Substantial variation in the prescribed and delivered doses of intensity-modulated radiation therapy for prostate and other cancers exists among medical institutions, raising concerns about the validity of comparing clinical outcomes, according to a University of Pennsylvania study published in the Journal of the National Cancer Institute (2008; 100:300-7).

Substantial variation in the prescribed and delivered doses of intensity-modulated radiation therapy for prostate and other cancers exists among medical institutions, raising concerns about the validity of comparing clinical outcomes, according to a University of Pennsylvania study published in the Journal of the National Cancer Institute (2008; 100:300-7).

The retrospective analysis involved 803 patients treated with IMRT between October 2004 and July 2006 for brain, head and neck, or prostate cancer at five medical institutions that used different treatment planning systems. A prescribed dose to the target volume was extracted for each patient. The planned dose that was delivered to the patient was acquired from each treatment planning system. Actual minimum, maximum, median, and isocenter doses to the target volume were normalized to the prescribed dose and analyzed for each disease site and institution.

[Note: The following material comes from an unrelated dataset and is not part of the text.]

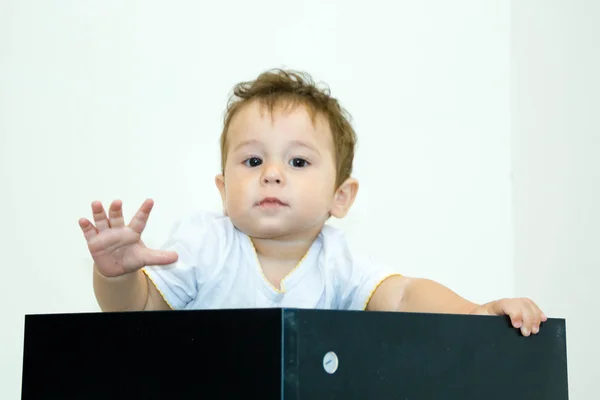 Un jeune garçon qui regarde hors d'une boîte sur un fond blanc — Photo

Of the 803 patients, 62% were treated for prostate cancer. The recorded dose variability from prescription was widespread for the minimum, maximum, and isocenter doses. A total of 46% of patients received a maximum dose that was more than 10% higher than the prescribed dose, and 63% of patients received a dose that was more than 10% lower than the prescribed dose.

At all five institutions, the prostate cancer cases had the smallest dosimetric variation, and the head and neck cancer cases had the largest variation. The median dose to the target varied from the prescribed dose by ±2% in 68% of patients, by ±5% in 88% of patients, and by ±10% in 96% of patients.

The recorded isocenter dose varied from prescription for all disease sites, and often does not reflect the dose specified by a selected isodose line encompassing the target volume, suggesting the need for national and/or international guidelines for dose prescription, planning, and reporting for a meaningful clinical trial, according to the researchers, led by Indra J. Das, PhD.